Should we put together an information draft
for IETF; we can draft one up, so the three
of them should talk;
Igor Gashinksi, Yahoo,
Larissa Shapiro, ISC,
Alain Durand, Comcast

OARC meeting, Beijing, Jason Fesler will be there
to talk about it.

ISOC meeting in Paris next week, we'll be there
to talk about it as well.

Internet2 joint techs talked about it as well.

General consensus is that this is a necessary
evil hack.
If we can get it working with 6rd, it'll be an
interesting working solution to a common problem.

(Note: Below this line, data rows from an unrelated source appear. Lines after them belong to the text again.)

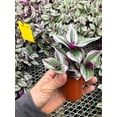 thumbnail image 1 of Tradescantia Nanouk ~ Pink Wandering Jew ~ Live Plant ~ Designer Plant, 1 of 2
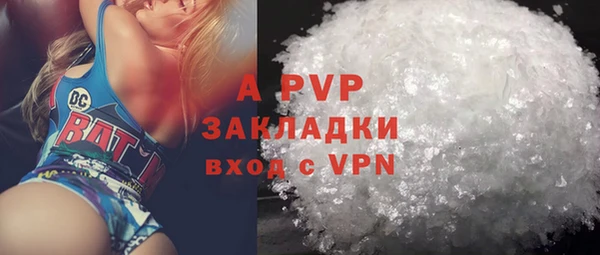 прущие грибы Дмитров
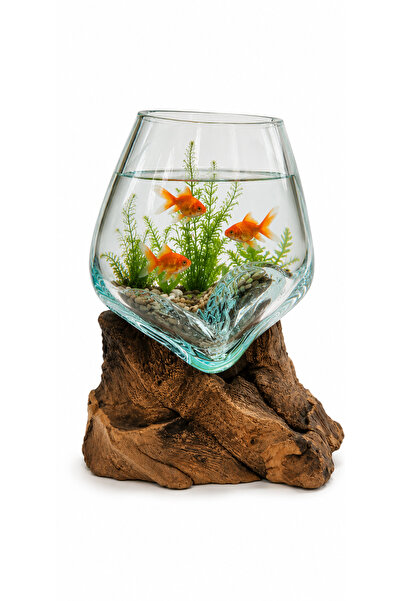 Generic Luxury Glass Fish Tank with Wooden Base - Modern, Versatile Decorativ...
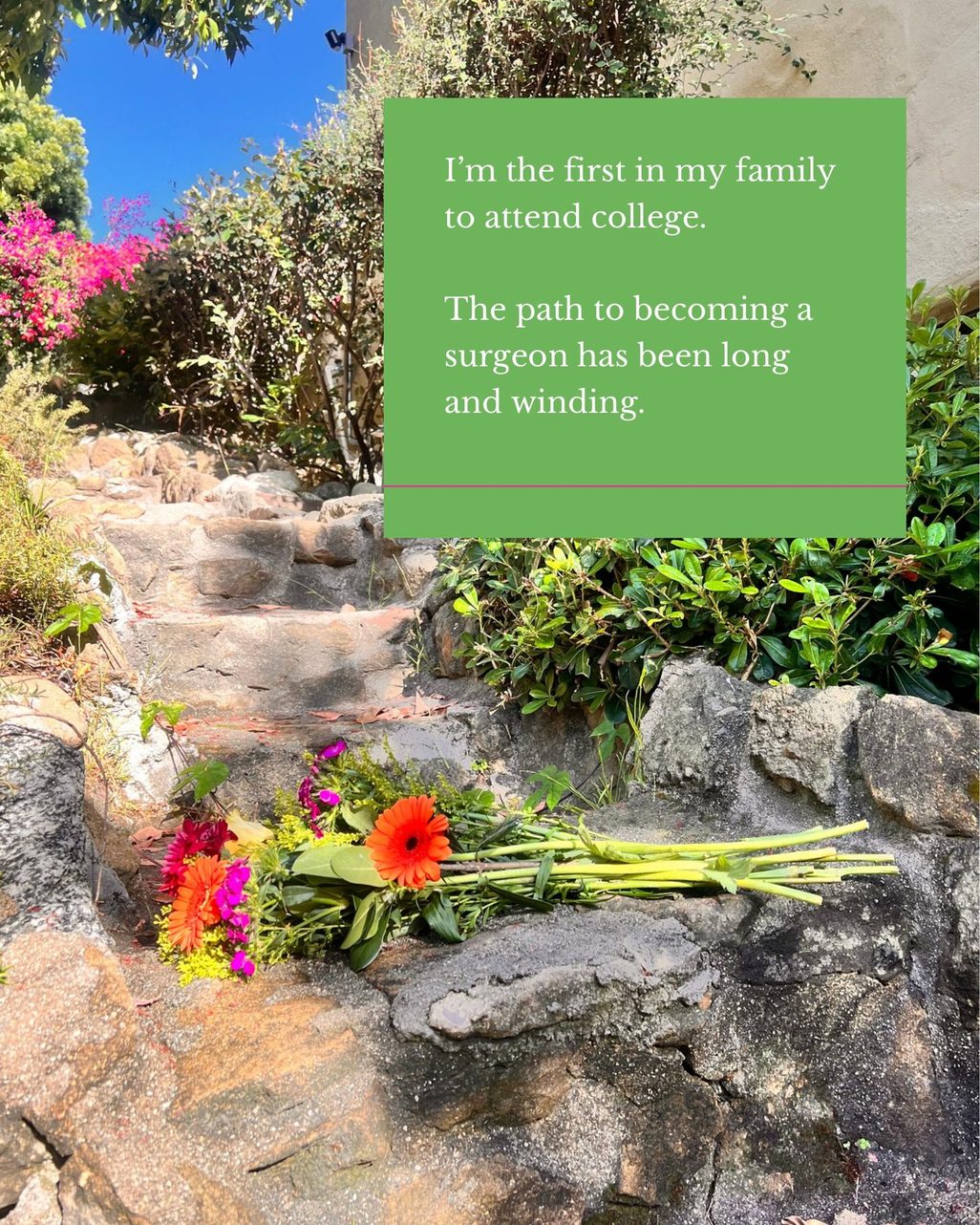 Stone steps with flowers. I'm the first in my family to attend college. The path to becoming a surgeon has been long and winding.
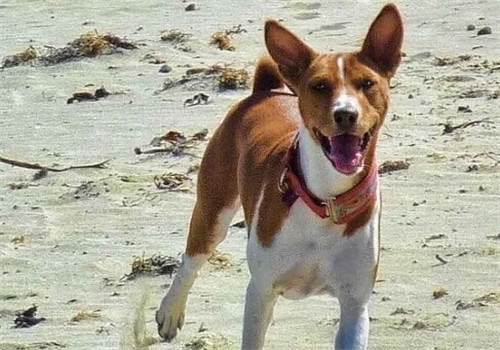 贝生吉犬的养护知识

What about shoving JavaScript code into web pages
to report DNS lookups back via REST infrastructure
to get an idea what the types of breakage.
OS, browser, IP, and which test cases break or not.
We could do a series of test queries, and see which
ones break or not.
Give A
Give AAAA
Result of the query comes into the beacon server, so
we can see if they saw the reply or not.
It would be better for the javascript to reply back
with what *it* saw, as well as see what the server
log sees.

There's some javascript coding challenges with
collecting this data.

If we can at least break it down to 3 buckets
6to4
teredo
native
it would help really pin down where the breakage.

Do note that the percentage shown wasn't Yahoo
data, that was Google's data, so we don't have
that breakdown ourselves.

Would going to AS level be too specific for people?
We'd need to consider carefully privacy issues
and anonymizing the data as per our privacy
rules.

What about running an experiment in partnerships
for specific ASNs?

Point is, this is coming out, do share the data,
this will be going into mainline code release.
It's opt-in, defaulted off.

The *actual* names for the config options are...

This will apply to just the RR set, not the
glue set; if glue returns AAAA, it'll still
come back intact.

The tests are really testing recursive lookup
server to the last proxy device in front of
the client.

But what if the recursive server to auth server
breakage happens?

If the recursive server lookup side, can we
turn the knob on in the other direction?

This is an interesting challenge; we'll have to
see how much additional work this will need, and
how much additional funding will be needed to
cover for it.

ISC will...look into the feasability of doing that.

The IETF draft cutoff is tonight for Paris, so
maybe it'll be done for the Anaheim one, at which
point we'll have working code out there, and a bit
more time for writing the draft.

We wrap up the BOF at 1724 hours Pacific time.